資産形成は増やすより減らさないことが大切

資産形成は、貯蓄、株式、債券、不動産など様々な形で実現できます。最終的に現金化できる財産を保有することを資産形成と言い換えても良いでしょう。

誰もが、資産形成を財産を増やすことと考えがちです。それはまちがってはいないのですが、増やすことばかりを意識していると、無理な投資に手を出してしまい、逆に資産を減らす危険があります。資産形成に大切なことは、実は増やすことではなく減らさないことなのです。

給料の一部を普通預金に預けるだけでも立派な資産形成

普通預金にお金を預けるのは、利率が高くないのでメリットがないと考えがちです。でも、資産形成は増やすことではなく減らさないことと考えれば、毎月もらう給料の一部を普通預金に預けていくだけでも立派な資産形成です。

銀行が倒産すると預金が返ってこない場合があるから、普通預金だって絶対安心とは言えません。しかし、普通預金は銀行が倒産しても、一定額(1,000万円とその利息)までは保護されますから、他の投資対象と比較すれば極めて安全な投資対象です。
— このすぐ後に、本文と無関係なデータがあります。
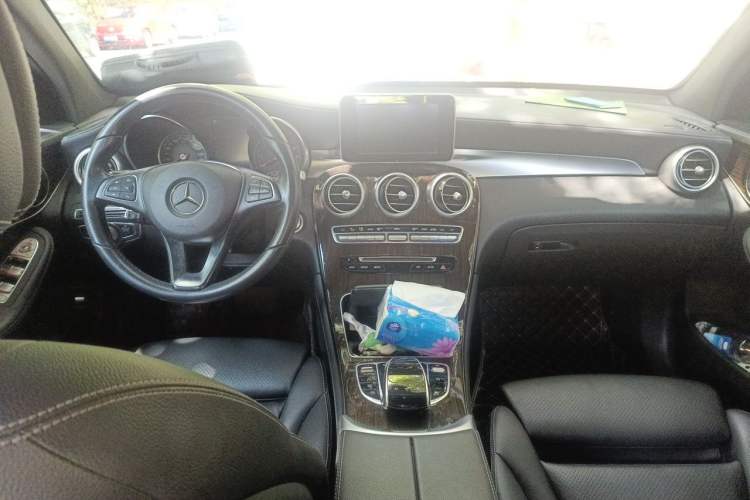 Used Mercedes-Benz GLC 2019 GLC 260 L 4MATIC Dynamic Model Center Console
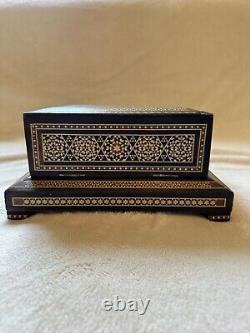 Vintage Moorish Style Inlaid Wood Mother of Pearl Cigarette Box Music Box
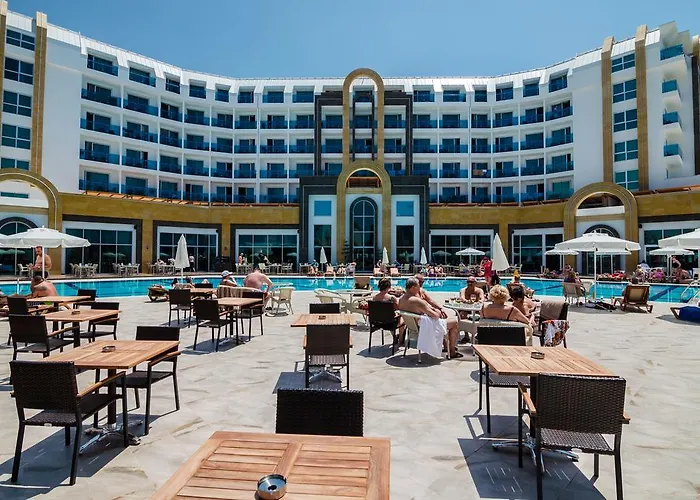 The Lumos Deluxe & Otel 5*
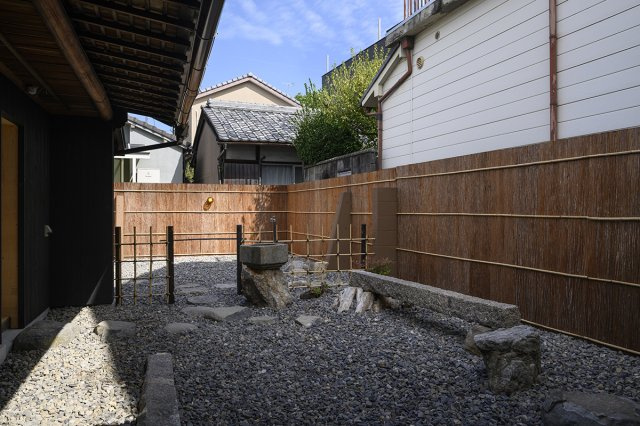 古都に凛と佇む、男前な事業用町家の庭|杉皮の塀が美しい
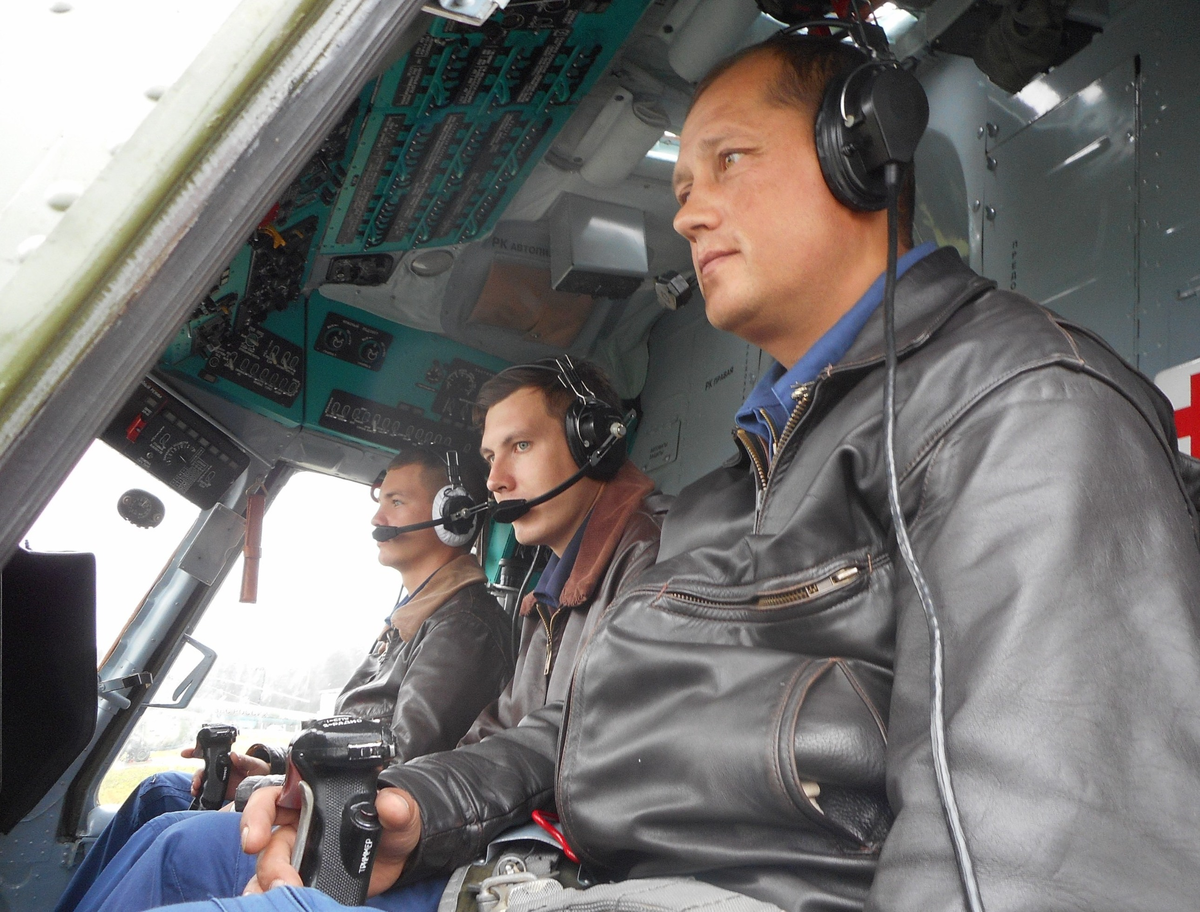Экипаж транспортного вертолёта перед вылетом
したがって、安全な資産形成を考えるのであれば、まずは毎月の給料を普通預金にコツコツと蓄えていくことをおすすめします。

万が一の備えにもなる普通預金

普通預金は、すぐに引き出せますから、他の投資と比較すると極めて換金価値の高い資産形成方法です。

そのため、不慮の事故による治療、病気による入院や手術、その他不測の事態が発生した場合の支出に速やかに対応できます。もしも、定期預金のように長期間預け入れることを条件とする預金だと、引き出すのに余計な手続きが必要になります。株式に投資していたら、取得原価よりも時価が下がっている場合になかなか売却に踏み切れません。

そういった観点から、普通預金は万が一の備えに役立つ資産形成と言えるのです。

社会人になって間もない方は、まず普通預金にお金を貯めていくことから始めましょう。他の投資をするにしても、まとまったお金がなければ投資のしようがありませんからね。